でも時代が変わったのに、『指導者が変わることができていない』と思えるような光景が、野球のグラウンドにはまだまだあるように思います。ですから、都筑中央を卒業して高校でも野球を続ける子どもたちには『(進学した高校の野球部で)理不尽と思うような練習、指導があるかもしれないが、今の時代でもそういった指導をする人もいるよ』という話しはするようにしています」。
取材をした小学部の子どもたちは、前田会長の事を「優しい」「面白い」と口を揃える。
練習取材中にたとえばこんなシーンがあった。
前田会長が内野ノックをしている時(この日は大須賀監督が不在のため前田会長自らがノックを行った)、ファーストに打った比較的イージーなゴロに子どもが追いつけずに後逸した。次の瞬間、前田会長はファーストの子に笑い混じりで励ますようにこう言った。
「おーい、○○ちゃーん!手を伸ばそうよー。捕れるよ捕れるよー!」
言われた子どもは、ちょっとはにかんだ表情を浮かべると、すぐに元気良く次のボールに食らいついていた。そこには「萎縮」という言葉とは正反対の、「のびのび」とした子どもの姿があった。

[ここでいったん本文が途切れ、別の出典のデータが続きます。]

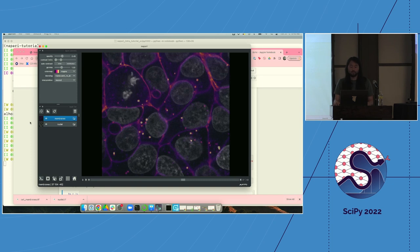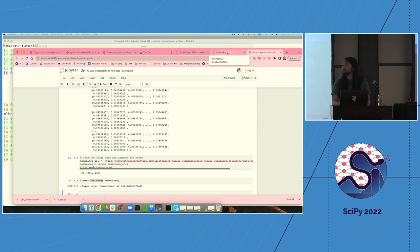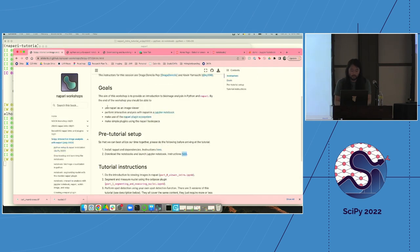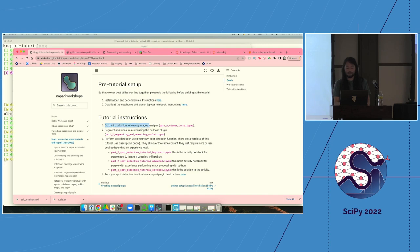That was a quick overview of some concepts in the viewer. In this first tutorial — Part 0 — you're going to do a lot of these things yourself. Fire up your terminal and launch your notebook. Did anybody have trouble installing? Great, we'll come to you. The first tutorial is the viewer introduction, which will rehash a lot of the concepts we just went over — explore and play, there's plenty of time, don't feel rushed.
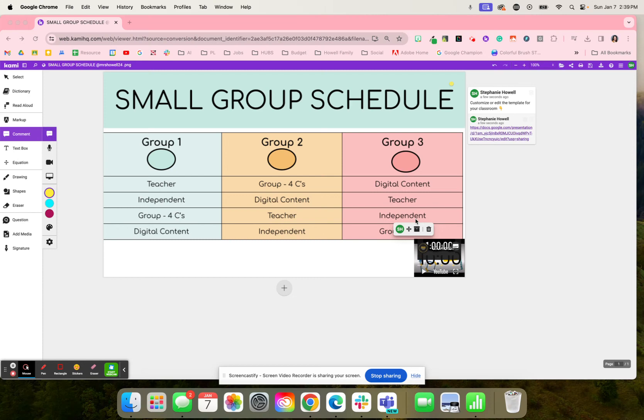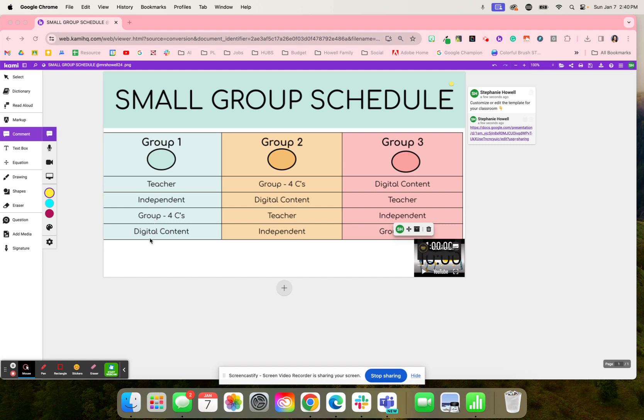Here is a small group schedule to help students know exactly what they should be working on. So typically when it comes to station rotation, there are four stations: the teacher station, the independent station, and the four C's and digital content.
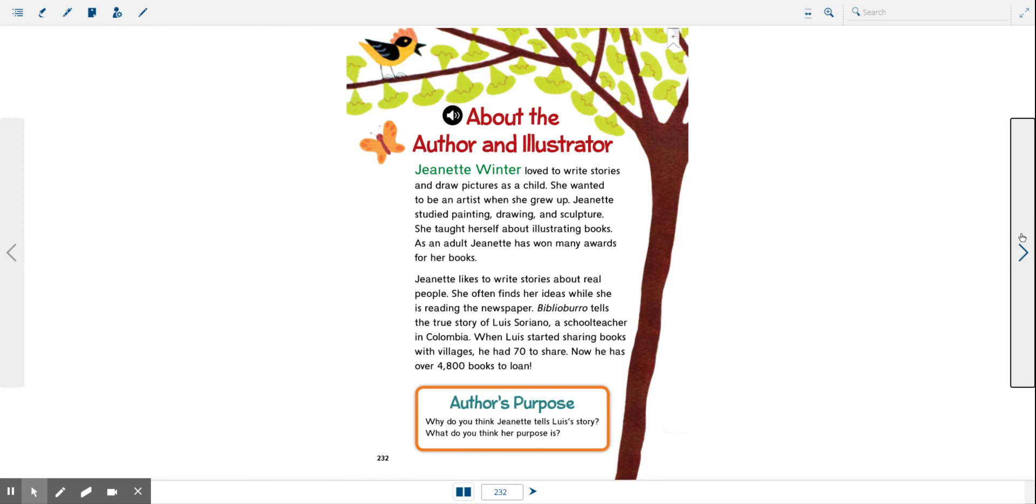When Luis started sharing books with villages, he had 70 to share. Now, he has over 4,800 books to loan. Wow, that's a lot of books.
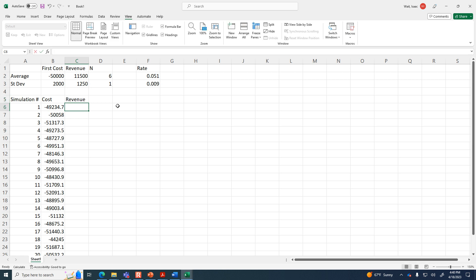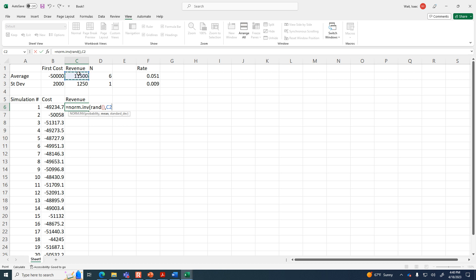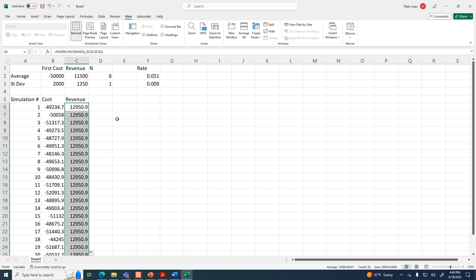Now do the same for revenue: =NORM.INV(RAND(), mean, standard_deviation), with the mean anchored to the $11,500 average cell and the standard deviation anchored to the $1,250 cell. Copy it down through all rows, then press F9 to calculate and see the variation.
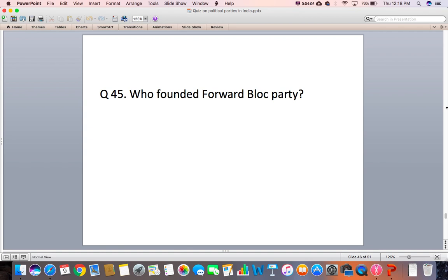So students, these were the questions. I hope you must be knowing many of the answers. Now just check your answers and do a self-evaluation.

前田会長のノックを見ていてもう一つ気がついた点があった。それは子どもたちに対して命令口調を使わないということだ。
「捕れ」「やれ」「打て」と命令口調で子どもたちに接する指導者も多いと思うが、前田会長は「〇〇をやろう!」「○○本打とう!」と子どもたちに対して上からものを言わない。何気ない光景だったが「子どもたちの目線に合わせた指導」を垣間見た思いがした。
「子どもたちを指導する上で決して怒らないようにしています。子どもたちの目線に合わせて、指導者が目線を子どもの目線に下げることが大事だと思います。でも注意すべき点は注意します。やるべきことをやらないと、周りから置いてかれてしまうよと説明します。僕の場合は優しいから、今日はちょっと緩んでいるのかもしれませんけどね(笑)」。
お子さんをチームに預ける親御さんと、練習に励む子どもたちの目的はシンプルだ。
「野球がうまくなりたい」
至極当然ともいえる、その目的を達成するための環境が、この小さな都筑中央ボーイズのグラウンドにはあるように思えた。